**TASK INPUTS:**
· · ·
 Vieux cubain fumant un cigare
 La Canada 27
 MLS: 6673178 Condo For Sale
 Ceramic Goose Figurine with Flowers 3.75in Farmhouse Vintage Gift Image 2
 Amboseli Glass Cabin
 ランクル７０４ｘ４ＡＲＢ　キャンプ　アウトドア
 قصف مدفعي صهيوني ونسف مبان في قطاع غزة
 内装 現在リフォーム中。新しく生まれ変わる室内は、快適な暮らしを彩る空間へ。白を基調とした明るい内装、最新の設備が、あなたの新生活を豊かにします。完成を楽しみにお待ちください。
· · ·
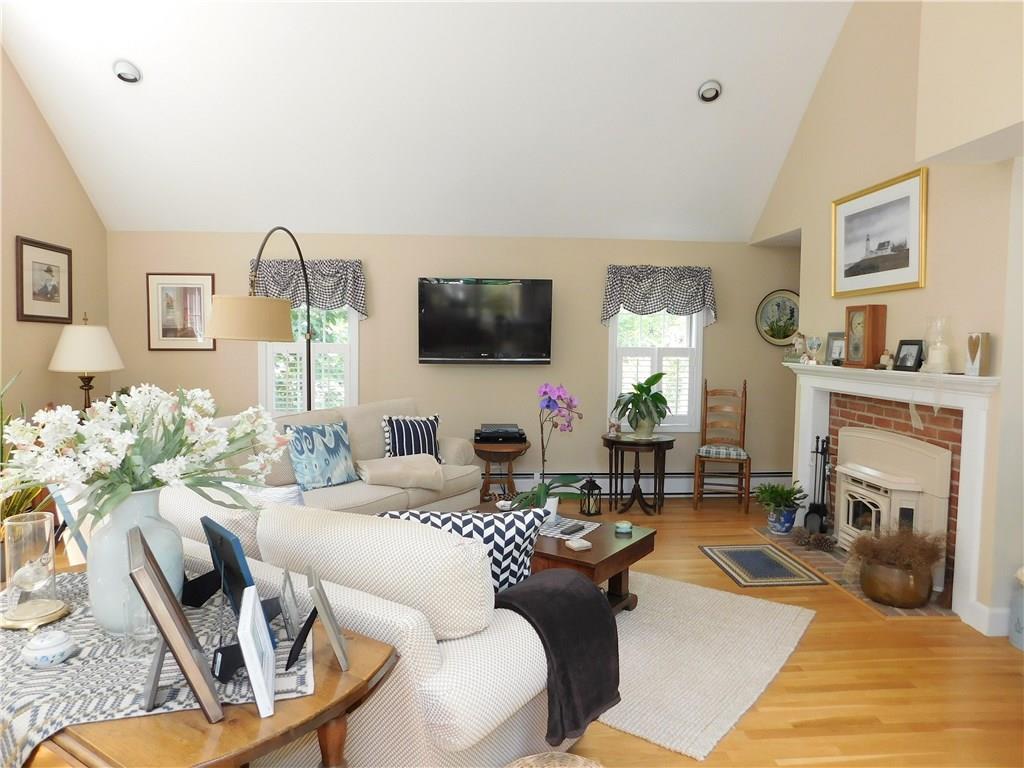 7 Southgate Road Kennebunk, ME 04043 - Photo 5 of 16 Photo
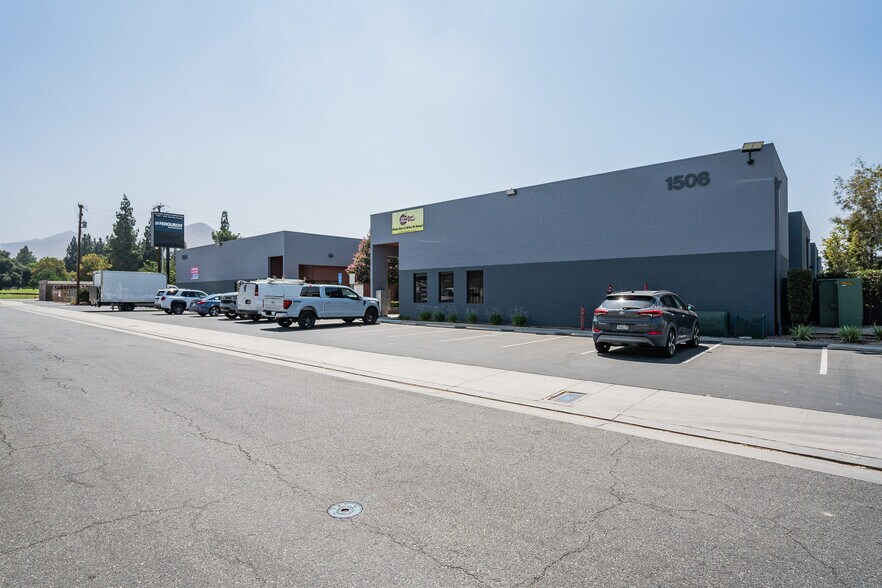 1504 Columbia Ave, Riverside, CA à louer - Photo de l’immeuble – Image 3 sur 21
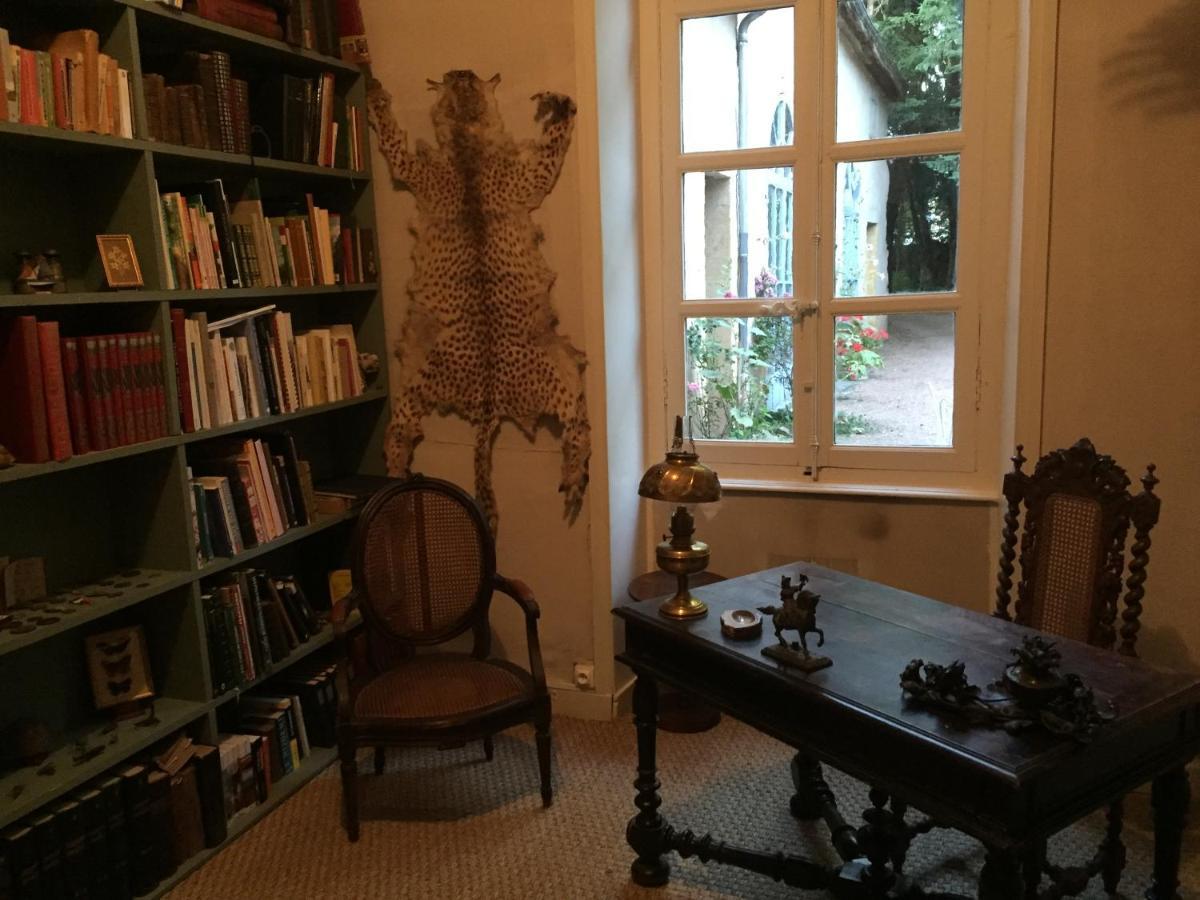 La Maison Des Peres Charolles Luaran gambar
· · ·
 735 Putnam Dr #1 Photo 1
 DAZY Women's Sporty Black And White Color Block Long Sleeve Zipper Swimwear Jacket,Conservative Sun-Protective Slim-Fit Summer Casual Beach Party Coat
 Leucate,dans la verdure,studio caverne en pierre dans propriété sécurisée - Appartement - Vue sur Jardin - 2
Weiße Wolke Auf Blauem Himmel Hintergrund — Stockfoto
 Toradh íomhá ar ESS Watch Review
· · ·
**WORK ITEM:** Using the data above, reproduce exactly the lines from the line that contains "Amboseli Glass Cabin" through the line that contains "内装 現在リフォーム中。新し", including both.

**OUTPUT FOR THIS TASK:**
 Amboseli Glass Cabin
 ランクル７０４ｘ４ＡＲＢ　キャンプ　アウトドア
 قصف مدفعي صهيوني ونسف مبان في قطاع غزة
 内装 現在リフォーム中。新しく生まれ変わる室内は、快適な暮らしを彩る空間へ。白を基調とした明るい内装、最新の設備が、あなたの新生活を豊かにします。完成を楽しみにお待ちください。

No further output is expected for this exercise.